(Stored items)
⟨
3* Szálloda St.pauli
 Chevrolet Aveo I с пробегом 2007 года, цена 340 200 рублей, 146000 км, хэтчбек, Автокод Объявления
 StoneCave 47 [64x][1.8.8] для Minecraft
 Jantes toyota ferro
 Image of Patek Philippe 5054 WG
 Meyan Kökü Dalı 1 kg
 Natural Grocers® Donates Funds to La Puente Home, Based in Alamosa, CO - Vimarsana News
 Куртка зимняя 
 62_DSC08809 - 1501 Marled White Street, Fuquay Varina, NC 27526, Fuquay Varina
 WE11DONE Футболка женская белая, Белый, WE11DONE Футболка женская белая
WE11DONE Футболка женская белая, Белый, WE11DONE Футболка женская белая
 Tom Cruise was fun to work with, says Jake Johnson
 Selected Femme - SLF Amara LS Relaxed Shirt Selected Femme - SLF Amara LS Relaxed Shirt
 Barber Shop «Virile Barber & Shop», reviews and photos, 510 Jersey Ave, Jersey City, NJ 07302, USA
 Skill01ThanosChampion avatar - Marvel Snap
⟩
▸ **Instructions for the task**
All of the entries above are to be written out again exactly.

▸ **Output below**
3* Szálloda St.pauli
 Chevrolet Aveo I с пробегом 2007 года, цена 340 200 рублей, 146000 км, хэтчбек, Автокод Объявления
 StoneCave 47 [64x][1.8.8] для Minecraft
 Jantes toyota ferro
 Image of Patek Philippe 5054 WG
 Meyan Kökü Dalı 1 kg
 Natural Grocers® Donates Funds to La Puente Home, Based in Alamosa, CO - Vimarsana News
 Куртка зимняя 
 62_DSC08809 - 1501 Marled White Street, Fuquay Varina, NC 27526, Fuquay Varina
 WE11DONE Футболка женская белая, Белый, WE11DONE Футболка женская белая
WE11DONE Футболка женская белая, Белый, WE11DONE Футболка женская белая
 Tom Cruise was fun to work with, says Jake Johnson
 Selected Femme - SLF Amara LS Relaxed Shirt Selected Femme - SLF Amara LS Relaxed Shirt
 Barber Shop «Virile Barber & Shop», reviews and photos, 510 Jersey Ave, Jersey City, NJ 07302, USA
 Skill01ThanosChampion avatar - Marvel Snap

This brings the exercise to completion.